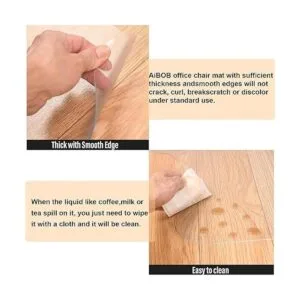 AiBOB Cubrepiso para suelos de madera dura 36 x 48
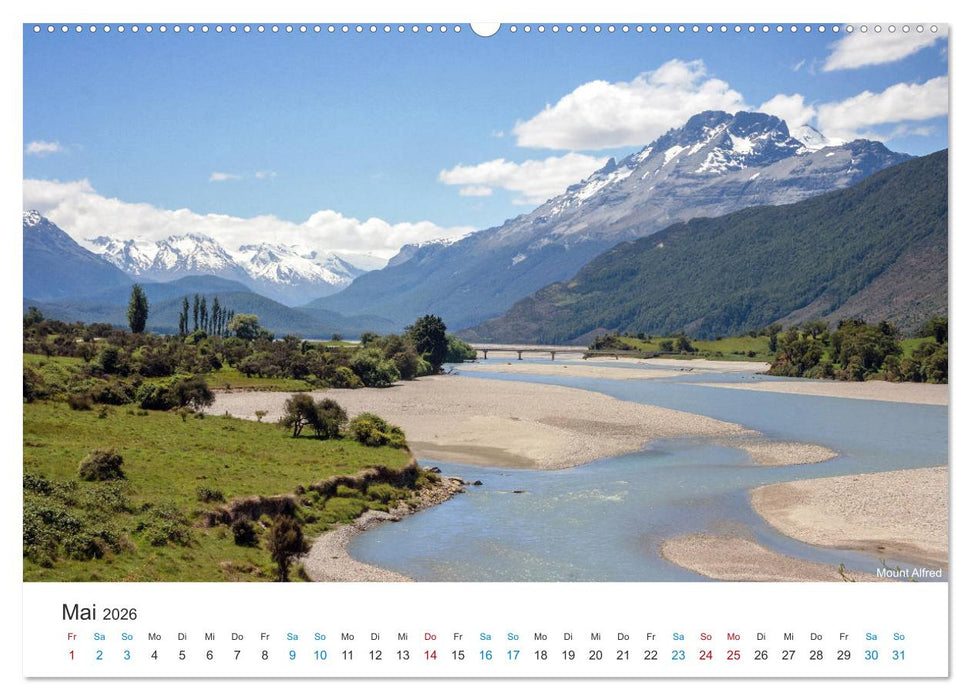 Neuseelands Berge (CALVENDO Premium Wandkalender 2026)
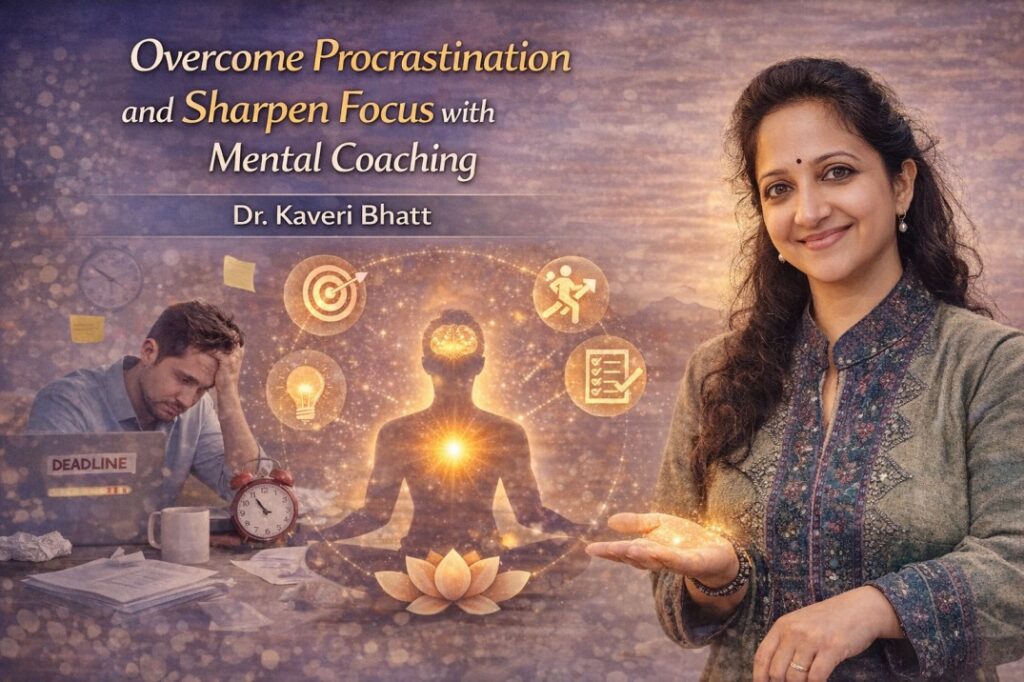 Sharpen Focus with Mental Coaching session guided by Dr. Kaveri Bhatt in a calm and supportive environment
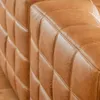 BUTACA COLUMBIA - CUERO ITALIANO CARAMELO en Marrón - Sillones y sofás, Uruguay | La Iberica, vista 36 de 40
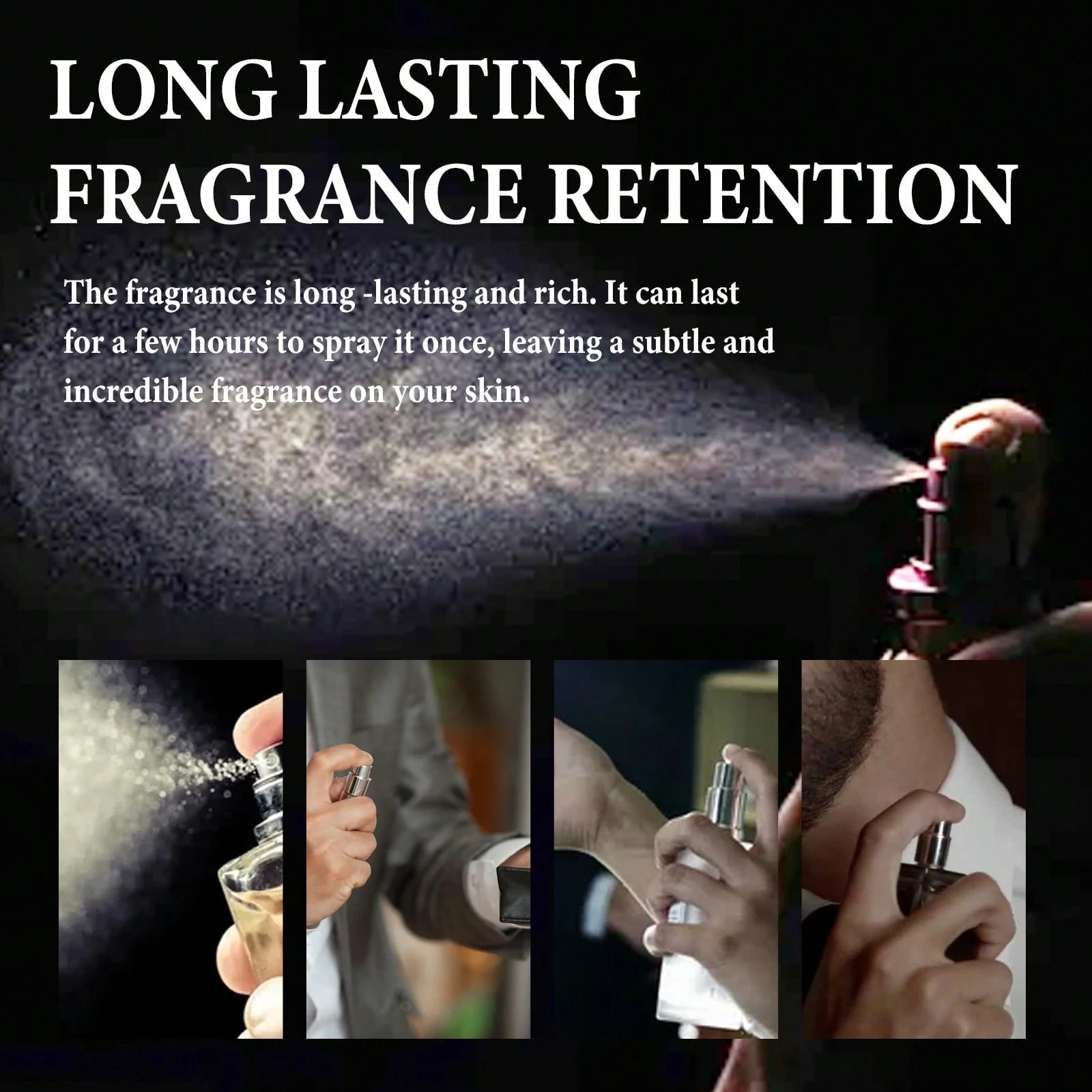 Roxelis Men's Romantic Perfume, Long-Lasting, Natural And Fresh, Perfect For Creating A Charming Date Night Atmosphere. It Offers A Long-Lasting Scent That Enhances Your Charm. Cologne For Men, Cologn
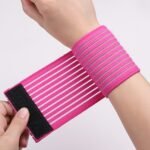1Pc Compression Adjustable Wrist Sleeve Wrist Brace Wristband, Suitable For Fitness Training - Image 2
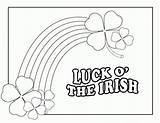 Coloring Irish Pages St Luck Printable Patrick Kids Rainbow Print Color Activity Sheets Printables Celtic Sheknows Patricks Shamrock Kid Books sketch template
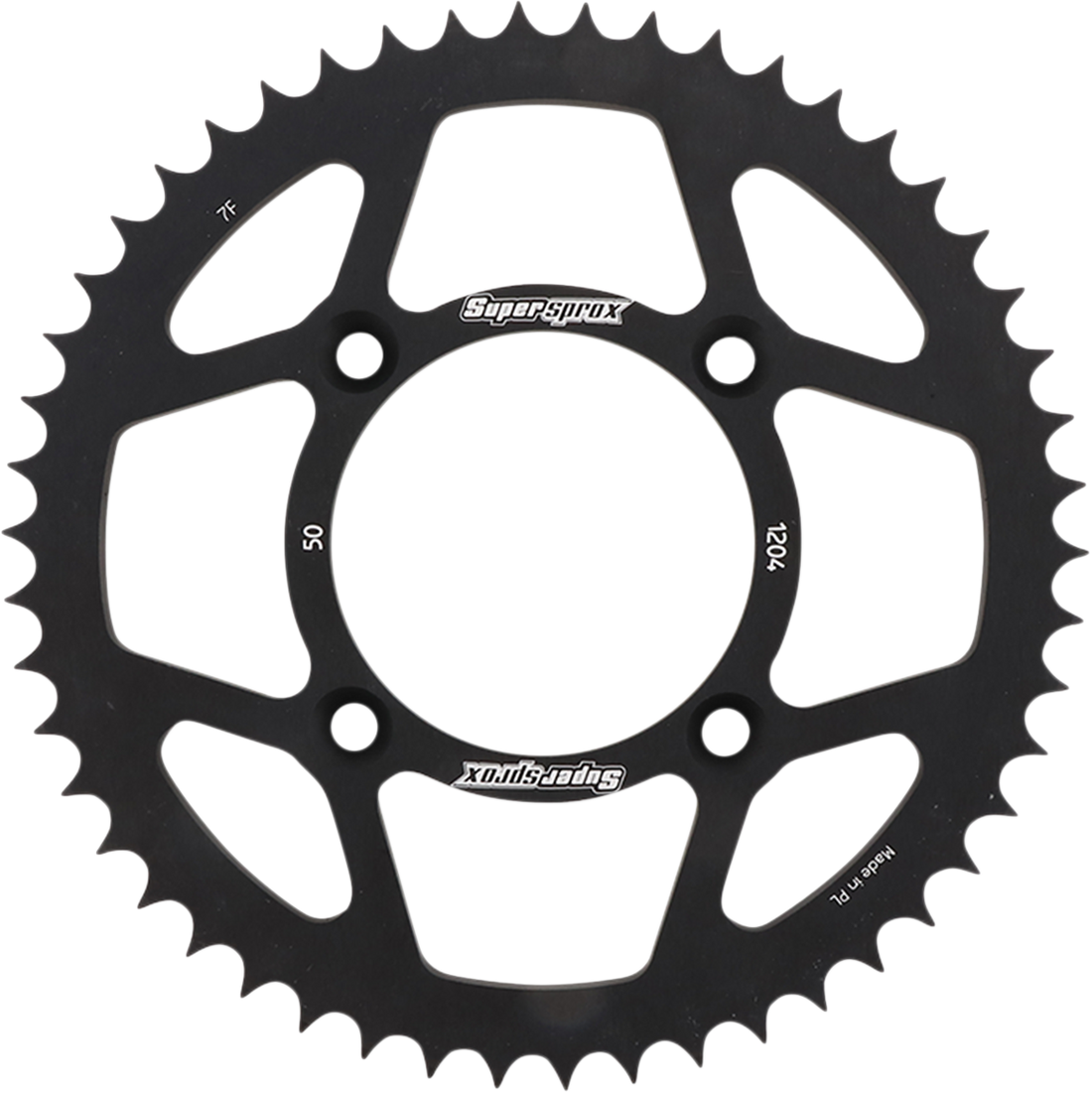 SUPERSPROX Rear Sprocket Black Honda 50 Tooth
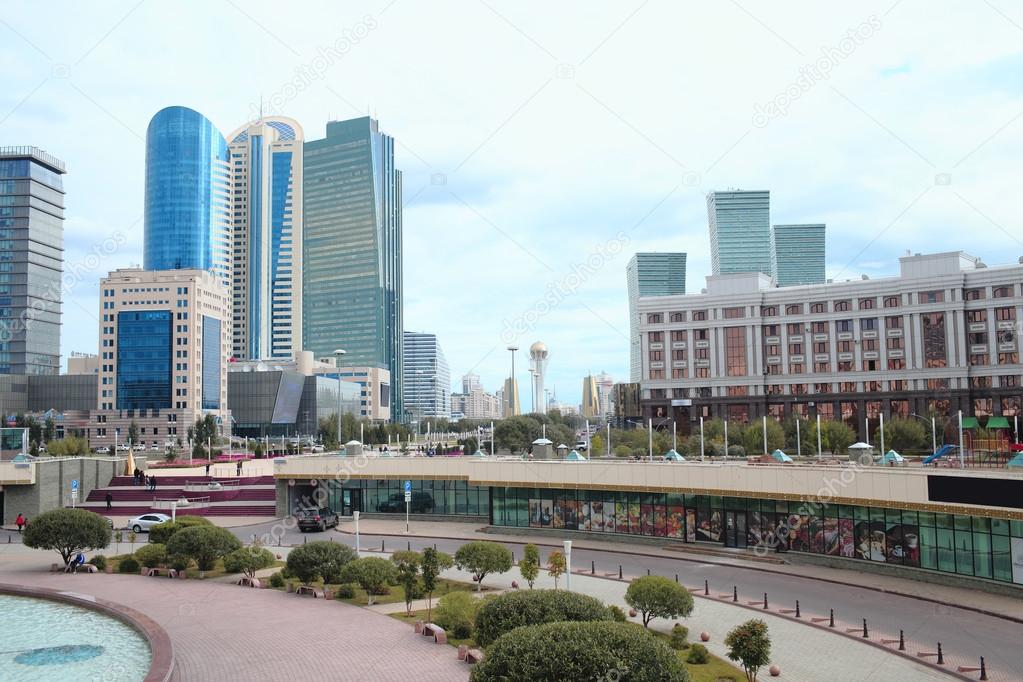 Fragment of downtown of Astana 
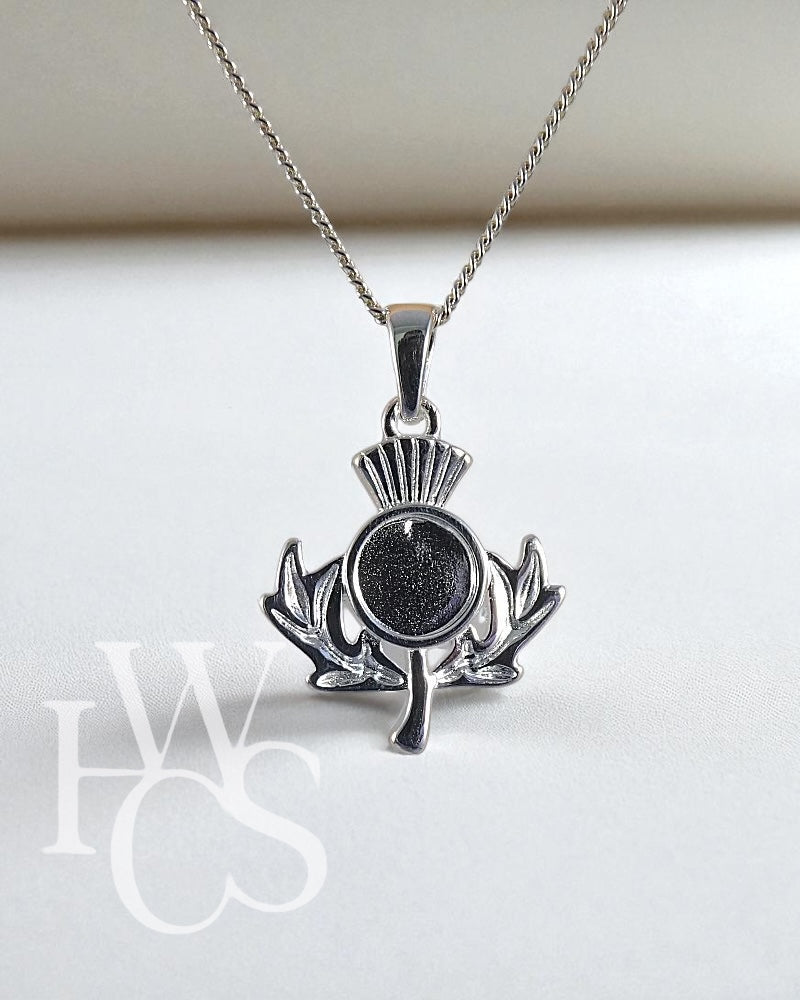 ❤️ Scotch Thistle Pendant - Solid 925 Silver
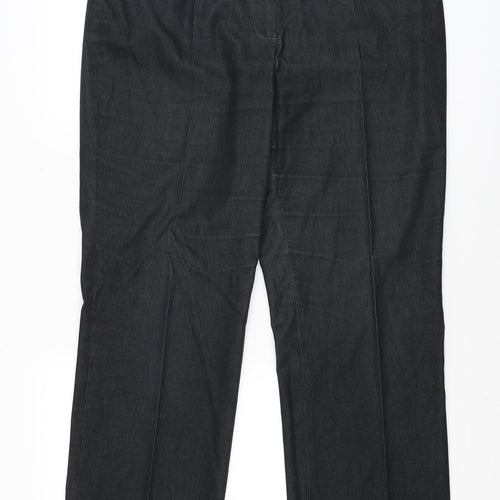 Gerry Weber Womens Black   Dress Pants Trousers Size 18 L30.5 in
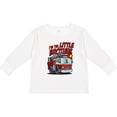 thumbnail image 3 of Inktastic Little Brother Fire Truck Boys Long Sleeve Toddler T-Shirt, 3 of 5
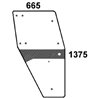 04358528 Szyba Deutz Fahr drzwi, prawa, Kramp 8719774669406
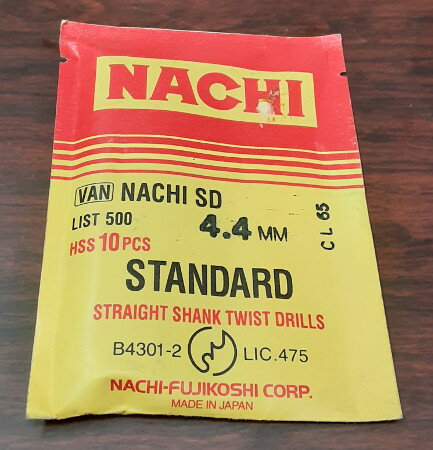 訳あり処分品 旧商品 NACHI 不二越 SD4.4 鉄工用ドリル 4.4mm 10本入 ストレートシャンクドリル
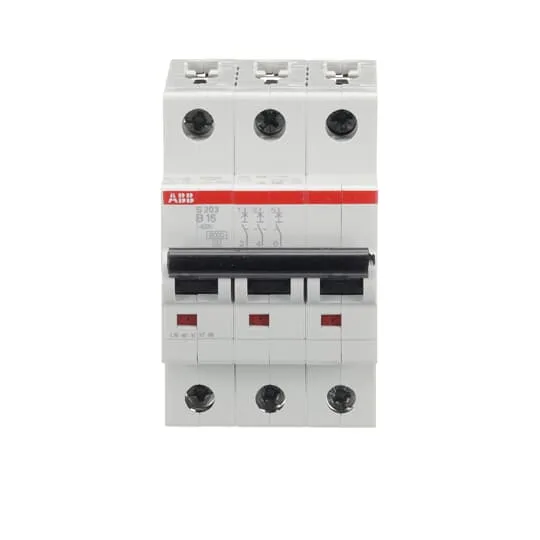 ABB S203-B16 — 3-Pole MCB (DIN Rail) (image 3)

GOAL OF THE EXERCISE: Each line from the one holding "訳あり処分品 旧商品 NACHI" down to the end of the records is to be reproduced unaltered, and the pictures are to be omitted.

THE COMPLETED TASK:
 訳あり処分品 旧商品 NACHI 不二越 SD4.4 鉄工用ドリル 4.4mm 10本入 ストレートシャンクドリル
 ABB S203-B16 — 3-Pole MCB (DIN Rail) (image 3)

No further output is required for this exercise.